The line between comedy and horror is tightrope thin, and sketch star Jordan Peele’s directorial debut is a nimble balancing act atop a live wire. Charged with a current of social commentary, Get Out surges along the circuits of genre convention — only to abruptly about-face, jolting the audience into frequent, giddy chaos. Emblematic of these narrative left turns is the scene that spawned the #GetOutChallenge meme, in which a character sprints homicidally toward the screen, then jukes at the last possible second. The moment perfectly encapsulates Peele’s mischievous M.O.
Right from the get-go, the filmmaker seeks to upend audience assumptions with a prologue that paints the suburbs as an unwelcoming and unsafe place — at least for an adolescent black guy. In the uncertain aftermath of this warning salvo, we’re introduced to our introspective protagonist, photog Chris Washington (Daniel Kaluuya) and his Caucasian girlfriend, Rose (Allison Williams of Girls fame). At her invitation, Chris reluctantly commits to spend a weekend in bucolic (strike that — waspy) upstate New York with her well-to-do parents (cue a very game Catherine Keener and Bradley Whitford).
But what begins as a recipe for awkward comedy unfurls as a portentous mystery, with beguiling hints of malice that mount and mount until the film topples into its bloody, raucous third act. Peele deploys comic ballast in the form of Chris’ confidant Rob (Lil Rel Howery): temporary apartment-sitter, TSA agent, and one-man Greek chorus. As Chris relays each inscrutable encounter over the phone, Rob becomes the voice of the audience’s increasing anxiety. These lighthearted interactions keep Get Out from becoming overly comfortable in the cobwebbed entrapments of the genre and help shepherd the film safely past the pitfalls of self-seriousness.
A healthy sense of humor proves Peele’s strongest asset as a filmmaker. Like all great comedians, he’s keenly aware of when and how far he can push his audience, and that talent translates into surprisingly strong narrative instincts and an impressive command of tone. Though Get Out rarely wows in the visual department, one sequence stands out as an exception to the rule—one that exemplifies the director’s willingness to dig Under the Skin, to borrow a title to go along with the borrowed motif.
It’s the middle of the night and Chris, having slipped out to sneak a cigarette, returns to find Keener’s character — a therapist—awake in her study. She offers to hypnotize Chris to help him kick his smoking habit while not-so-subtly plying him for information about his past. Peele conveys the gradual erosion of mental resistance through the repetition of an unnerving and oppressive audio cue; before Chris knows it, he’s in over his head in the black ocean of own subconscious. The realization of this abstract, psychological hell, though familiar, is one of the film’s few genuinely awesome and arresting visuals.
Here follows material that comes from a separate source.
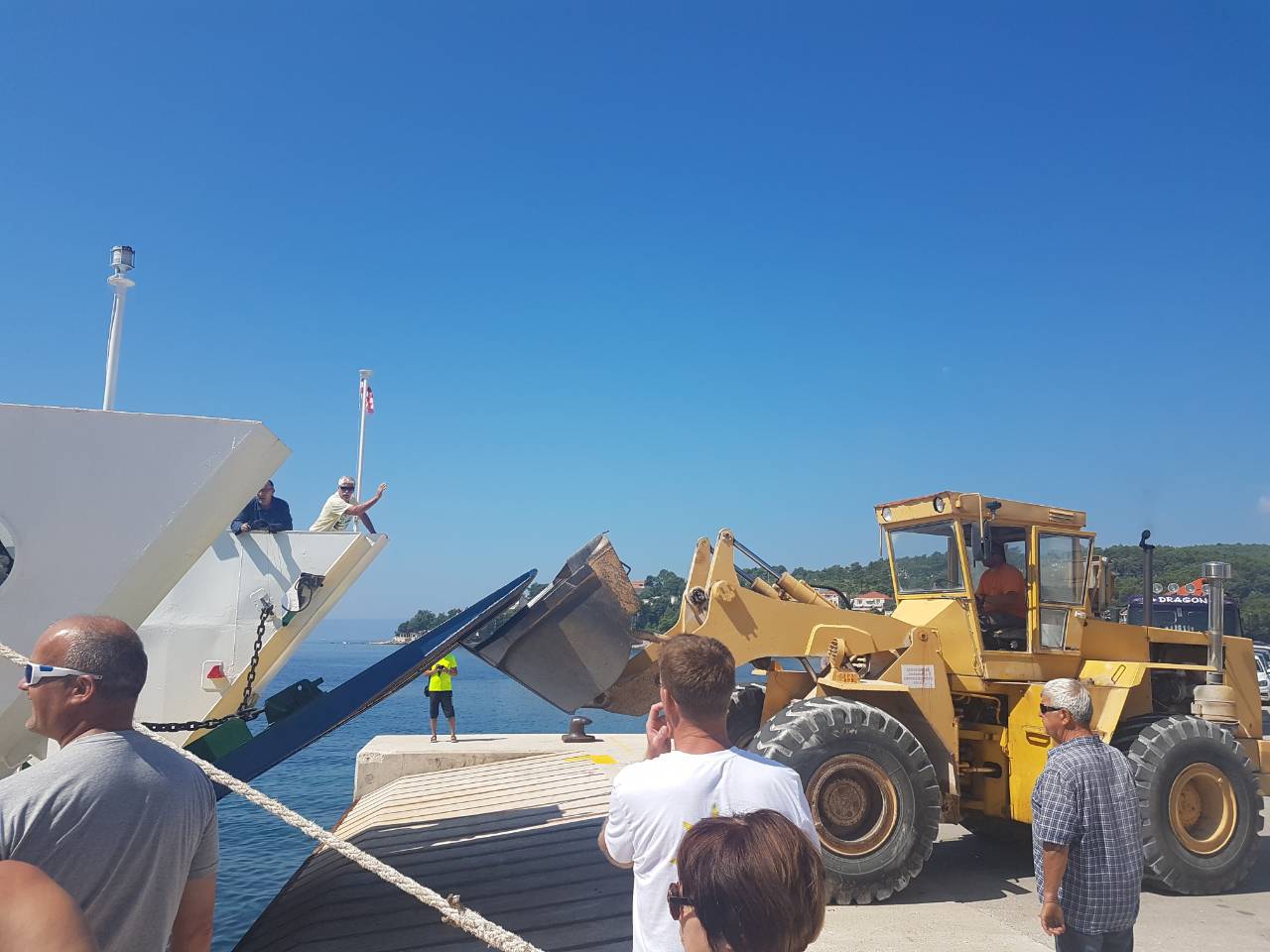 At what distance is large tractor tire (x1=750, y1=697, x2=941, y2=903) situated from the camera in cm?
614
Horror, like comedy, relies on maintaining a sense of the unexpected, and Get Out goes above and beyond to keep its audience guessing. Delivered with a defiant wink by a director with a unique knack for social commentary, the film slyly subverts expectation without compromising on entertainment. This darkly absurd and vitally relevant American hypothetical follows in the footsteps of socially conscious genre greats like Night of the Living Dead — but beyond its woke thrills, perhaps what’s most shocking is how little has changed in the 50 years since George Romero radically redefined the face of terror.